Domestic team information
- 1842–1848: Nottinghamshire
- 1834–1848: Nottingham Cricket Club

Career statistics
| Competition | First-class |
| Matches | 9 |
| Runs scored | 137 |
| Batting average | 10.53 |
| 100s/50s | –/– |
| Top score | 28 |
| Balls bowled | 20 |
| Wickets | 2 |
| Bowling average | ? |
| 5 wickets in innings | – |
| 10 wickets in match | – |
| Best bowling | 1/? |
| Catches/stumpings | 4/– |
- Source: Cricinfo, 19 February 2013

= John Oscroft (cricketer, born 1807) =

English cricketer

John Oscroft (21 July 1807 - 28 September 1857) was an English cricketer. Oscroft's batting and bowling styles are unknown. He was born at Arnold, Nottinghamshire.
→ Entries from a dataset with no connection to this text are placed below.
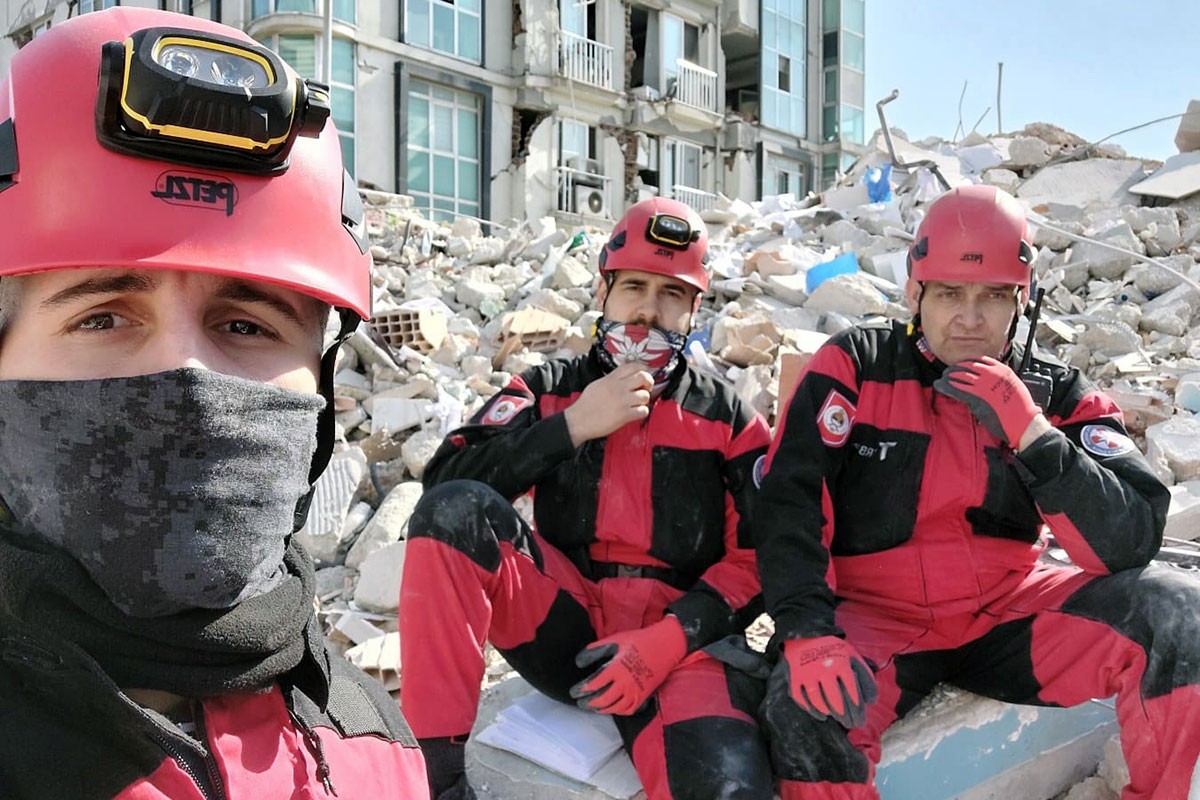 Heroji iz Bijeljine o razmjerama tragedije u Turskoj: Plakali smo svaki dan (FOTO)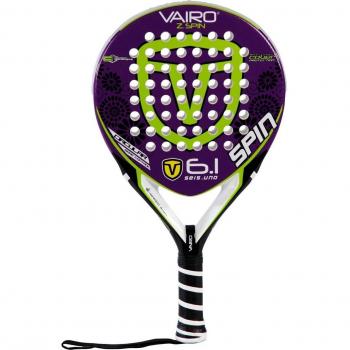 Pala de pádel Vairo Zafira Spin 6.1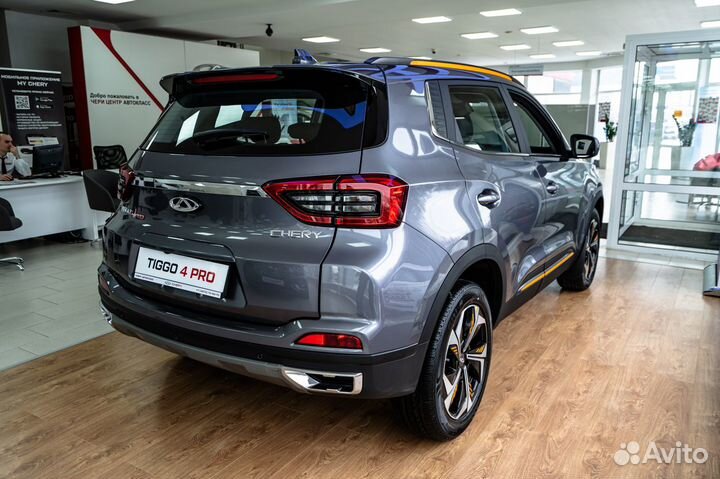 Chery Tiggo 4 Pro 1.5 CVT, 2024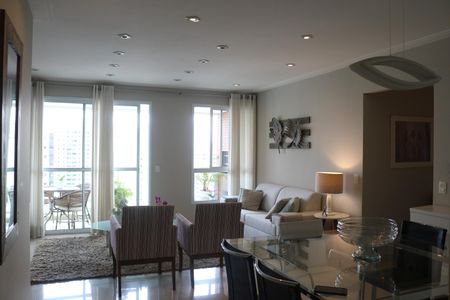 Sala de apartamento à venda com 3 quartos, 110m² em Vila Leopoldina, São Paulo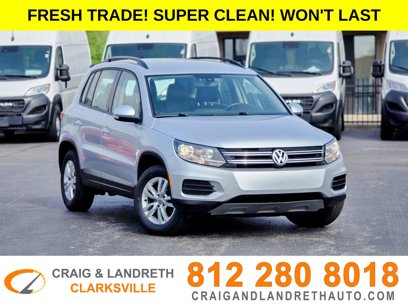 Used 2016 Volkswagen Tiguan S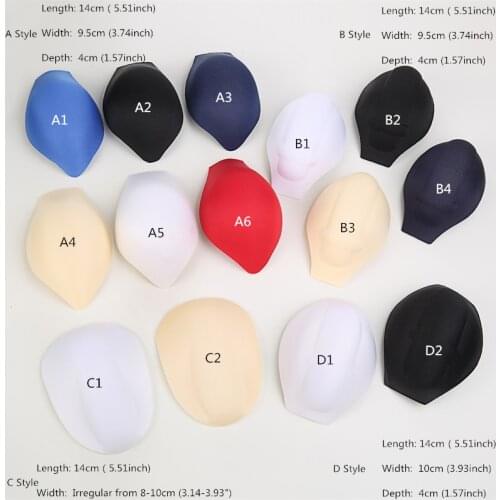 Multi Style Bulge Cup pads Sponge Cup Removable Push Up Cup Enhancing Men Underwear Briefs Sexy Bulge Pad Magic Buttocks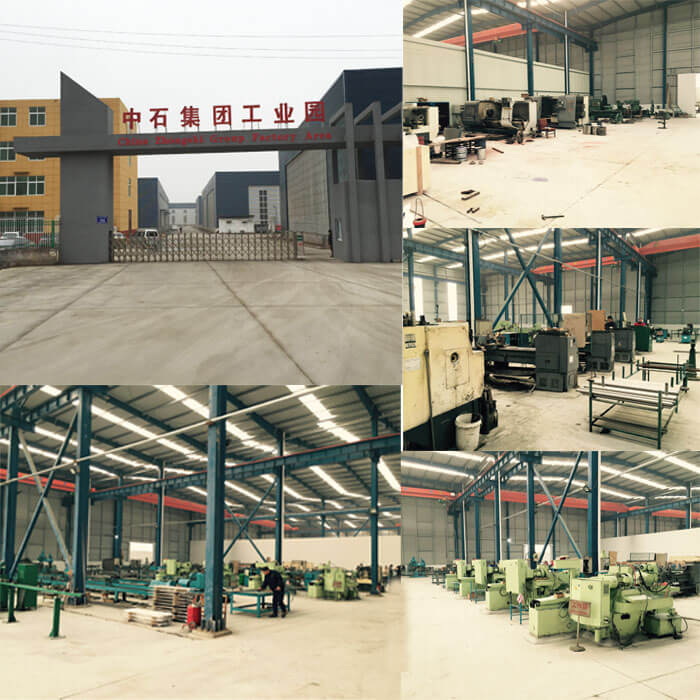 puyang zhongshi group casing cementing product factory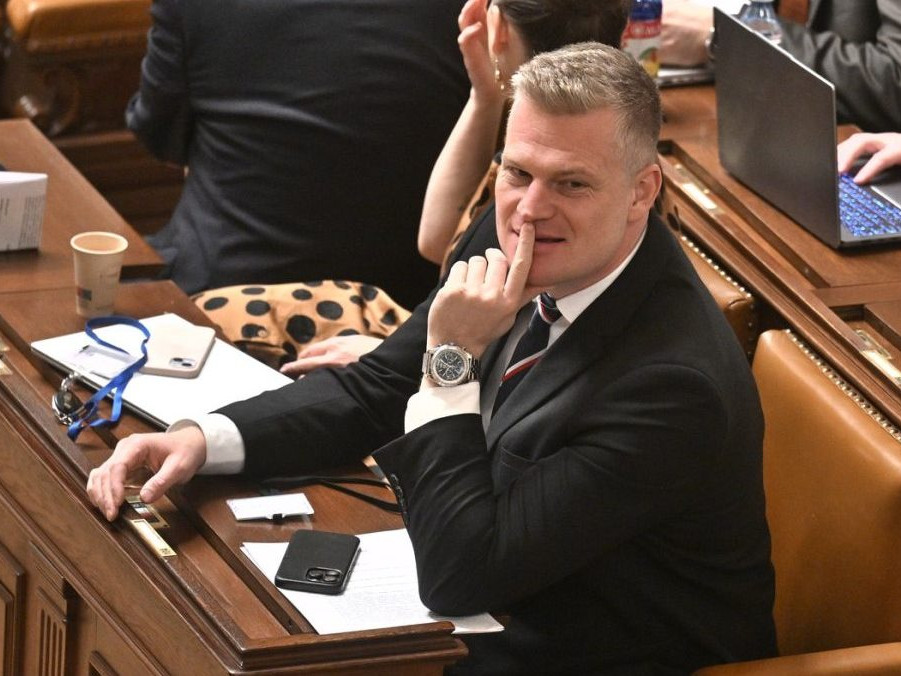 Na snímke Filip Turek.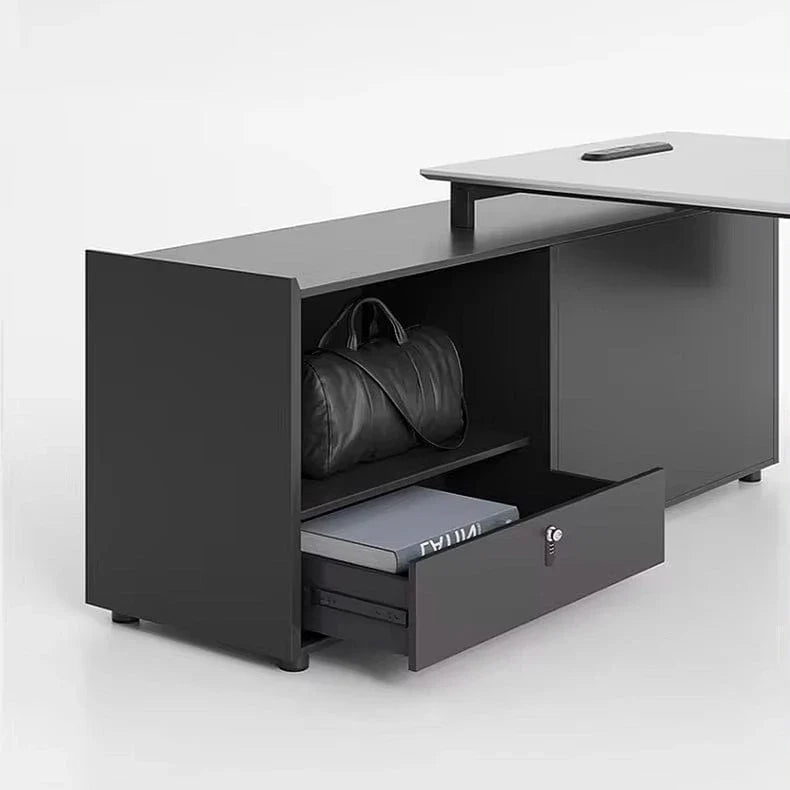Pickett · Modern L-Shaped Desk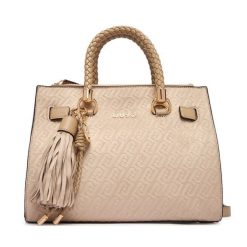 Torebka Liu Jo. Brązowe torebki klasyczne Liu Jo, bez wzorów, bez dodatków. Za 639.99 zł.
Oscroft made his first-class debut for Nottingham Cricket Club against Cambridge Town Club in 1834 at Parker's Piece. He made two further first-class appearances in 1834, making a second appearance against Cambridge Town Club at the Forest New Ground and an appearance against Sheffield Cricket Club at Hyde Park Ground, Sheffield. His next first-class appearance came in 1842 for the Gentlemen of Nottinghamshire against the Players of Nottinghamshire at Trent Bridge, with him also making his first-class debut for Nottinghamshire against England in that same season. He made four further first-class appearances for Nottinghamshire, the last of which came against Sussex in 1848. In his nine first-class matches, Oscroft scored 137 runs at an average of 10.53, with a high score of 28. He also took two wickets with the ball.

He died at Nottingham, Nottinghamshire on 28 September 1857.